Please repeat, exactly as written, every line from the one containing "this 300×250 image." through the last line of the records, both included, and leave out any pictures.

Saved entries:
━━━━━━━━━━━━━━━━

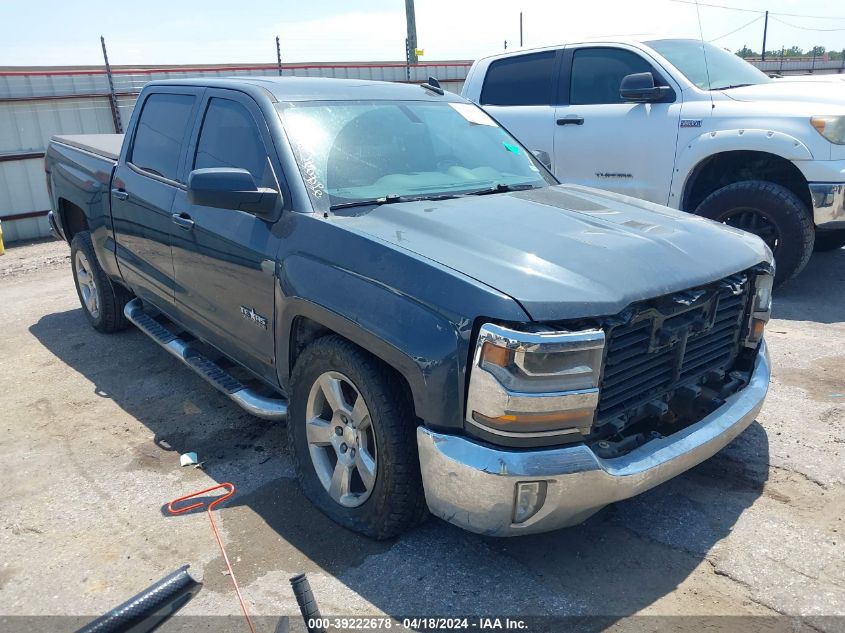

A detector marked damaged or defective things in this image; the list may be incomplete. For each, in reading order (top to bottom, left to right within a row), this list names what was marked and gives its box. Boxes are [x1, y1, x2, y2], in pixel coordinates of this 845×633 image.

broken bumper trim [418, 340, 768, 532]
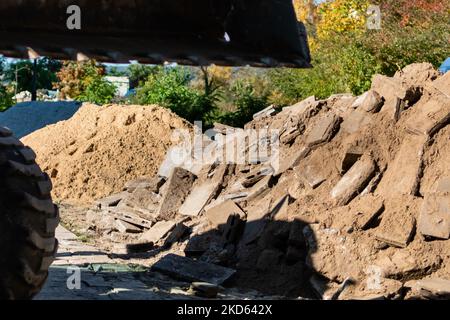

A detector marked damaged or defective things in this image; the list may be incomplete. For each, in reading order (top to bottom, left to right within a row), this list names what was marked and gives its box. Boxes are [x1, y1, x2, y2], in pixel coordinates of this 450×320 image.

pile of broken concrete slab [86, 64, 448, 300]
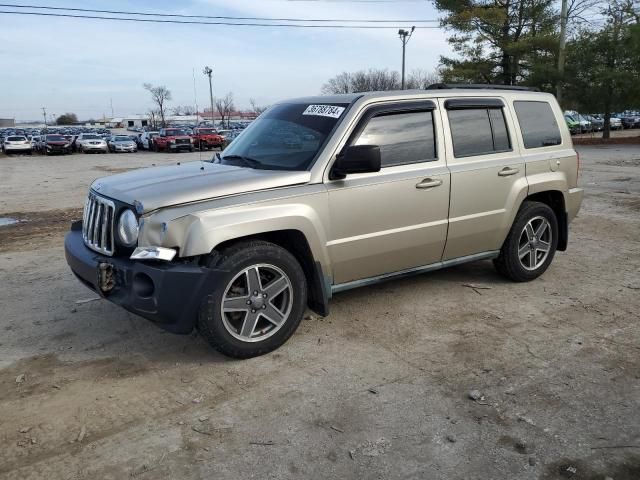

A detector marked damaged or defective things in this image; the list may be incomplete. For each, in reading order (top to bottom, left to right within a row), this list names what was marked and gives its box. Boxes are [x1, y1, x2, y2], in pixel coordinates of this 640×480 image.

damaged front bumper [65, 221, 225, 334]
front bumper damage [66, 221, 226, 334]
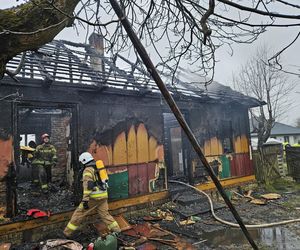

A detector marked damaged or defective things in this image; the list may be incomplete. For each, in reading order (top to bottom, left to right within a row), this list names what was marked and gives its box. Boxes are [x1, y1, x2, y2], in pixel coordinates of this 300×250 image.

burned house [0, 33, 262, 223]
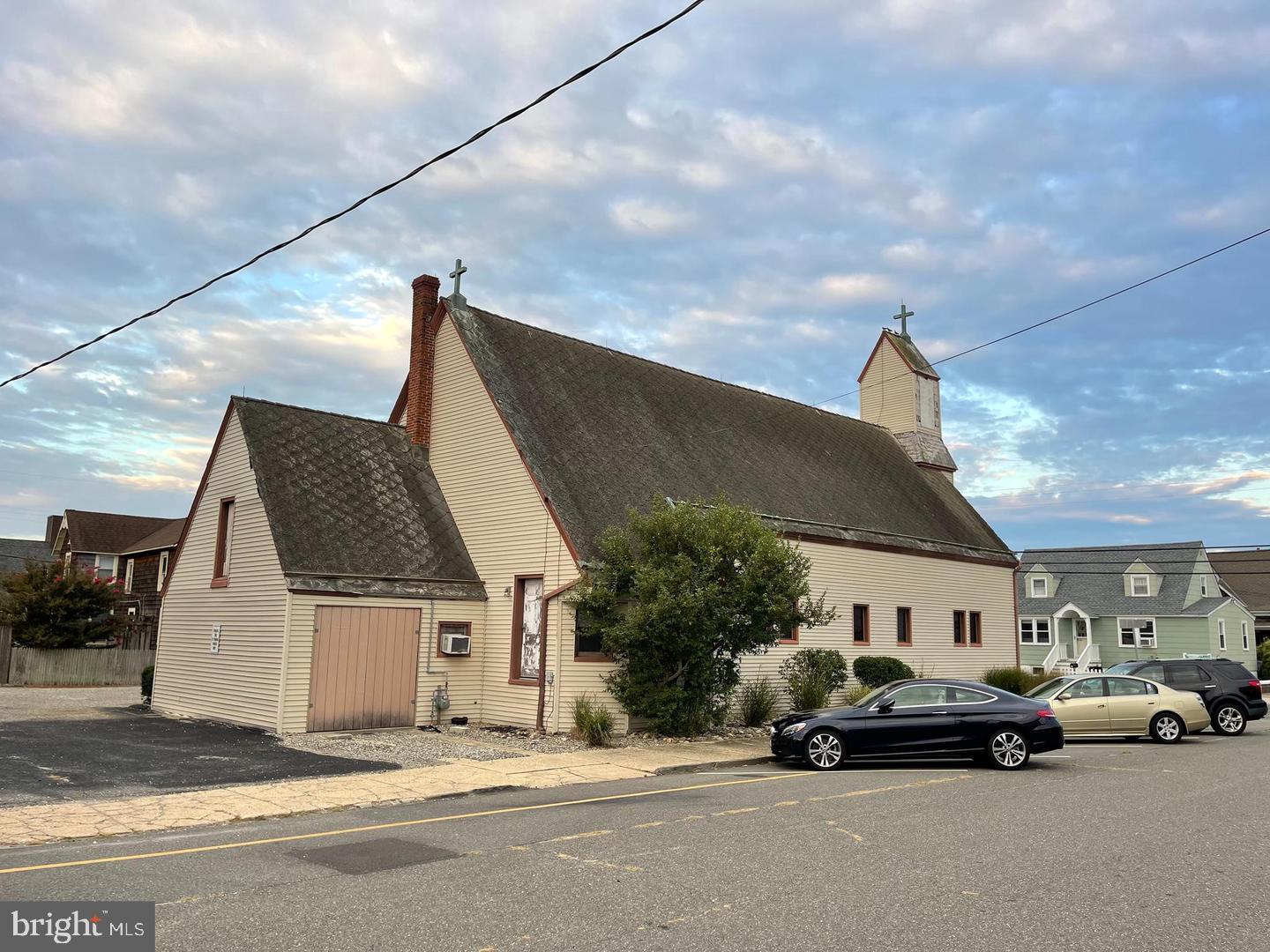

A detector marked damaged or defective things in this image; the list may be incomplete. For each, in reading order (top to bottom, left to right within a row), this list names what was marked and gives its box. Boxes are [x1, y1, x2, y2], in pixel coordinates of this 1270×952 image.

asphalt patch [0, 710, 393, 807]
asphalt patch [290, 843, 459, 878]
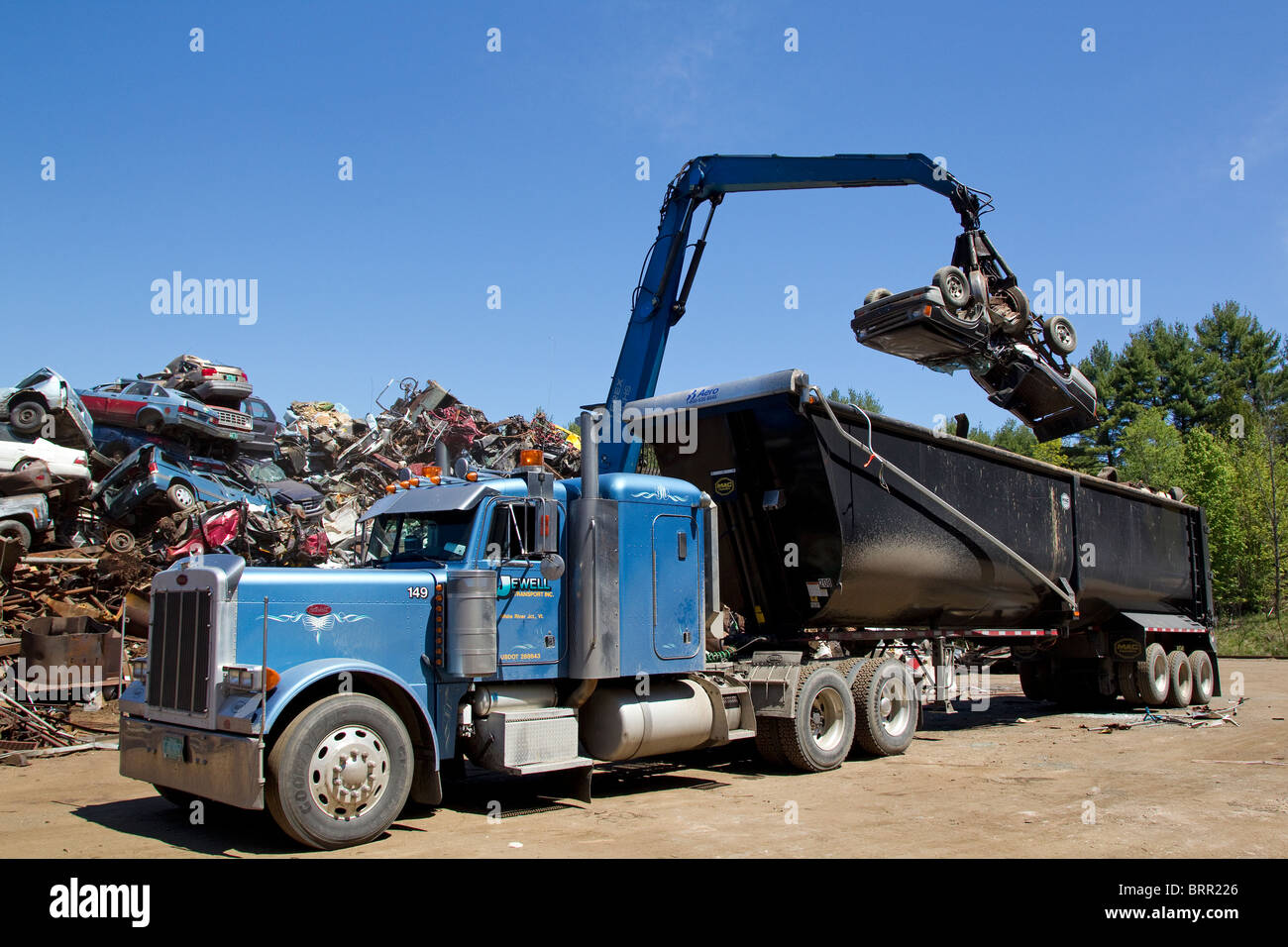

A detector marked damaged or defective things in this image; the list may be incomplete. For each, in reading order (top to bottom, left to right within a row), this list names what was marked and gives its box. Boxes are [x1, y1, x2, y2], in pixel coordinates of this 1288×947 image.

━━━━━━━━━━━━━━━━

**Answer space:**
A detector marked damaged or defective things in this image; the list may be incomplete. For each, in reading order (top to bottom, left to right within a row), this list names what was marked and gives its box. Boxes are [x1, y1, x2, y2], in pixel coordinates of this 300×250 image.

burned house [0, 33, 262, 223]

A detector marked damaged or defective things in this image; the list may be incomplete. For each, in reading order (top to bottom, left to right within a row), this list names what was marked and gives its box. Boxes are [x1, y1, x2, y2], in pixel coordinates of this 1270×952 image.

asphalt patch [0, 710, 393, 807]
asphalt patch [290, 843, 459, 878]

A detector marked damaged or defective things in this image; the list may be incomplete. For each, in reading order (top to bottom, left to right within a row), this list names what was marked and gives its box. Boxes are [x1, y1, x2, y2], in pixel coordinates of this 1288×947 image.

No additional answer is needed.